> _TASK BRIEF_
Restate word for word the lines below that run from the one holding "Barkruk Treiskona Teak Naturel" through the one holding "Nồi chiên không", inclusive. Pictures don't belong in the copy.

> _DATA FOR REVIEW_

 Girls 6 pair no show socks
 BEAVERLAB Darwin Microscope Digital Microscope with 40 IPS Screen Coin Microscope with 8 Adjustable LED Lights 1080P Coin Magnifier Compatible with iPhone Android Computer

==

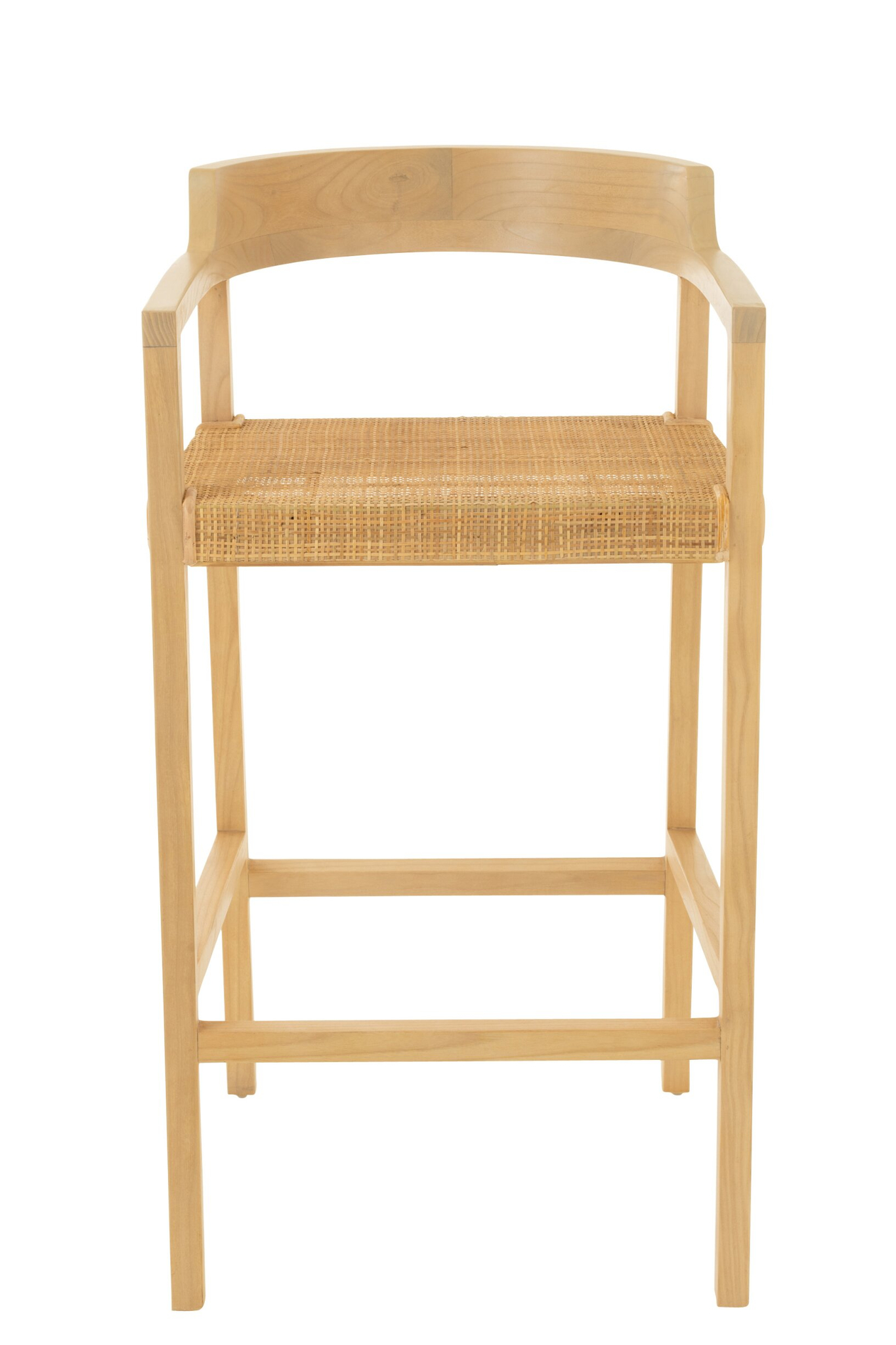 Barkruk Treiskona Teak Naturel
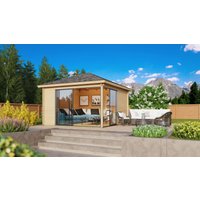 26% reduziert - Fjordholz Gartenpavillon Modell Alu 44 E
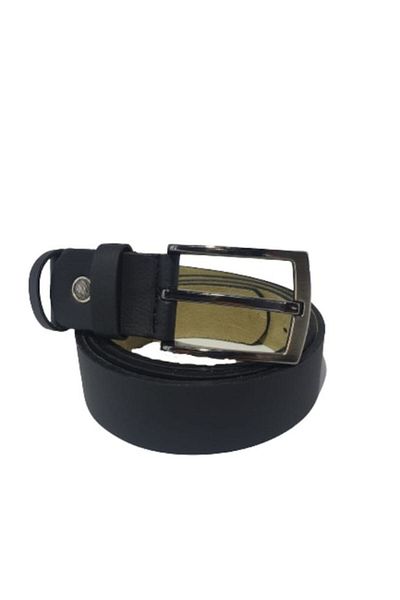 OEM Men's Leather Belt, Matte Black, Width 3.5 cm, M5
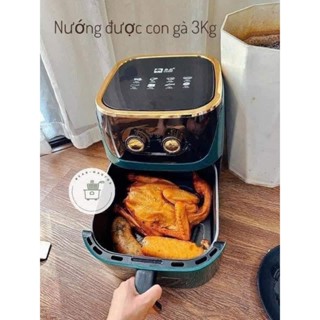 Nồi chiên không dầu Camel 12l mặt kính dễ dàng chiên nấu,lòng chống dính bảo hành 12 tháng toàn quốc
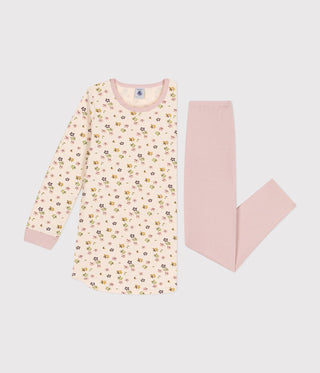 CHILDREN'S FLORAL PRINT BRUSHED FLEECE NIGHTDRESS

> _THE COMPLETED TASK_
 Barkruk Treiskona Teak Naturel
 26% reduziert - Fjordholz Gartenpavillon Modell Alu 44 E
 OEM Men's Leather Belt, Matte Black, Width 3.5 cm, M5
 Nồi chiên không dầu Camel 12l mặt kính dễ dàng chiên nấu,lòng chống dính bảo hành 12 tháng toàn quốc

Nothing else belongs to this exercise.